Learning outcomes of the learning unit
At the end of the class the student should be able (i) to be familiar with a broad class of techniques for solving optimal control problems (ii) to use these techniques for solving optimal control problems and to understand their main characteristics (iii) to have the ability to read and understand a significant amount of the scientific papers dedicated to this field of research and, in particular, those that relate to the reinforcement learning based approaches (also known as sampling based approaches) for solving optimal sequential decision making problems.
Among the different techniques that will be covered by this class, we can mention:
a. Dynamic programming and policy search techniques for Markov Decision Processes (MDPs)
b. Reinforcement learning techniques for MDPs
c. Techniques for solving the Exploration/Exploitation tradeoff, with a special focus on those that apply to multi-armed bandit problems.
d. Monte-Carlo Tree Search techniques for single-player and multi-player environments.
e. Multi-stage stochastic programming techniques for problems with large action spaces.
Prerequisite knowledge and skills
Basic knowledge in system theory, statistics, optimisation and machine learnng.
Good coding skills are required.
Planned learning activities and teaching methods
The classes will include different parts: theoretical courses, analyzes of scientific articles and exercises. The theoretical material will be taught mainly through inverse teaching.

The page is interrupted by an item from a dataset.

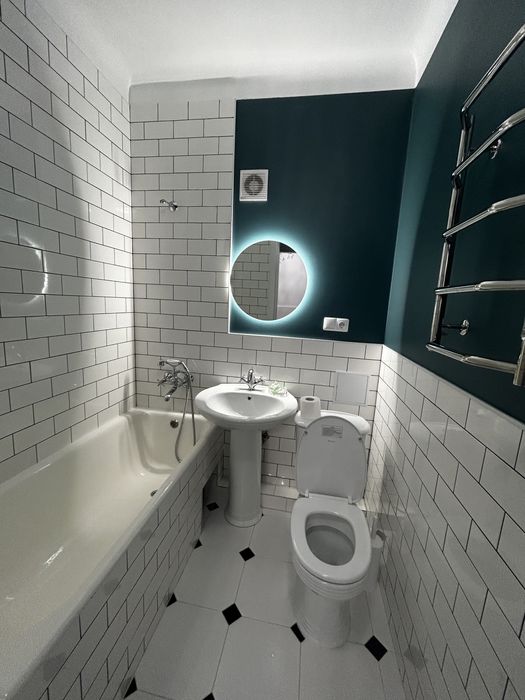 Красива квартира в самому центрі міста з виглядом на  Либідь Плаза.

Students will also have to work throughout the year on projects designed to implement the methodologies learned during the year on fairly simple examples.

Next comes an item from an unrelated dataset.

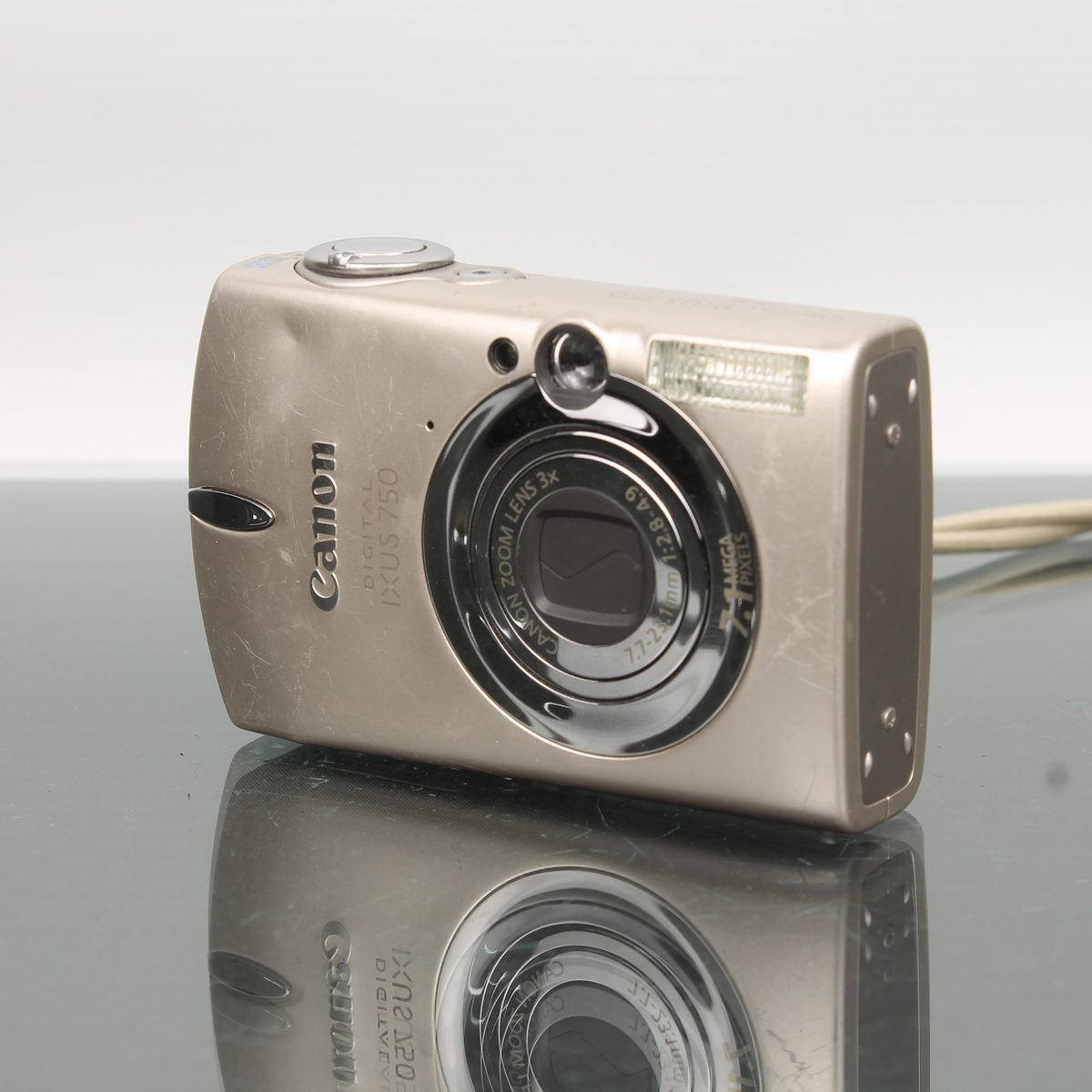 Canon Digital IXUS 750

Mode of delivery (face-to-face ; distance-learning)
Recommended or required readings
The teaching material will be accessible on the class website, see: http://blogs.ulg.ac.be/damien-ernst/teaching/
Assessment methods and criteria
The evaluation consists of two parts: a continuous assessment during the year which will count for 50% of the points and an oral examination at the end of the year.
Possibility for motivated students to do a research internship in this exciting field of artificial intelligence.